Three Monkeys Online

A Curious, Alternative Magazine

Who’s to blame? The Fosse Ardeatine and the struggle over memory in modern Italy.

TMO: Does the ambiguity that surrounds the Fosse Ardeatine massacre point to a weakness in the way we teach history. As with Holocaust denial, some would argue that we need laws to protect the facts of history – what do you think?


Look, we had a law, it was one of the clauses in the 1948 constitution, that made it a crime not only to recreate the fascist party, but also to speak favourably of fascism. That law was never enforced. One of the reasons that it was never applied was that it was the same magistrates who had earned their living under fascism that were called upon to enforce it.

You do not defeat an ideology by repression, though. You fight it politically. I’m not so sure that making it a crime to deny the Shoa works, on the other hand though these people are despicable. In the case of the shoah it’s easier, perhaps. In the case of the resistance it’s not a case of whether it happened or not, but who did what and whether it was right or wrong, a lot of the time you just can’t see the forest for the trees. Some partisans for example did things that were morally and politically wrong, and you can forget that – but basically you had people fighting for freedom, and others who were allied to the nazis, and you can’t lose sight of that. That’s a basic distinction.

One of the problems with the ‘official’ history of the resistance in Italy is, surely, that it has effectively been colonised by the left, reducing the complexities of the various social actors that made up the movement


One of the reasons that the memory of the resistance was colonised by the left was that the centre, the christian democrats and the church, were in total denial. We have now been rediscovering acts of resistance by the military but the military institutions in this country have never spoken about it.
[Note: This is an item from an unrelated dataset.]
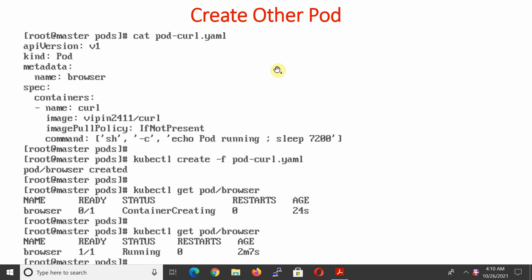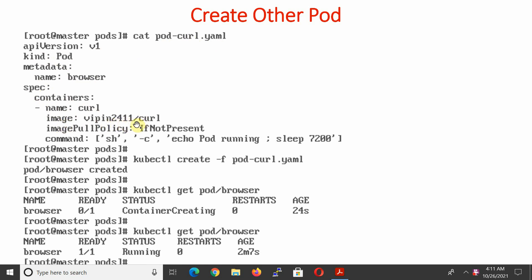Now let us create another pod — the second pod — for checking pod-to-pod communication. We have created a YAML file called pod-curl.yml. Curl is the name of the browser. API version is v1, kind of object is pod, metadata name is 'browser', and the container name is 'curl'. We are using a custom image vpn2411/curl.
The only forces that talked about it were the left, and of course the left focussed on its own role, but for many others it was in their interests to forget about it.

Gianfranco Fini, currently speaker of the lower house of parliament [and one of the figures interviewed in Portelli’s book], spoke on the 25th of April (liberation day) about a ‘national festival, shared by all’ – remarks that have been taken by many as a signal for reconciliation between the right and the left in Italy. What’s your view?

Portelli: There has been a false reconciliation, prompted by the church, in which the divide between fascism and anti-fascism was blurred, and it has been blurred by the most powerful and important institution in this country – the church – and by the party that was in power in this country for fifty years, the Christian Democrats. So the constitution, which is possibly the most wonderful constitution in the west, never became deeply rooted. We’ve been ruled for more than sixty years by political forces that simply did not believe in that constitution.

Anti-fascism was quickly superceded by the cold war, which was one of the reasons why, for example, Italian war criminals were never brought to trial and German war criminals were quickly released from jail and rehabilitated. The cold war has an obvious and important role in all of this.

Ironically, Gianfranco Fini just made a speech where he praises the 25th of April as the day of freedom and so on. What we have is an attempt, which is also supported by people on the left, of reconcilliation without truth. In the United States, I guess, North and South became reconciled, but nobody said the South was right in fighting for slavery. Here the so-called reconcilliation is based on the idea that both sides were equally right or equally wrong, that those who fought for the fascists or the Nazis, and those that fought for the allies were on the same level. Both equally respectable, and both causes were equally respectable, and that isn’t true. That undermines the whole basis of what this democracy is.

TMO: Let’s talk a little bit about oral history, and the difference between it and historical research based solely on written sources.

Portelli: In oral history you’re dealing with a set of relationships, a relationship between the present and the past, and a relationship between interviewee and interviewer, so that it’s a very flexible source, as opposed to a staple document. I don’t believe that archival sources or newspapers are more reliable than oral narratives. Cross checking is always necessary. What you get with oral history is the meaning which people attach to the events of the past. What people think the actual event means to them today, and basically the book is about the history of memory, not just a book of memories. The question becomes, what does it all mean to us now?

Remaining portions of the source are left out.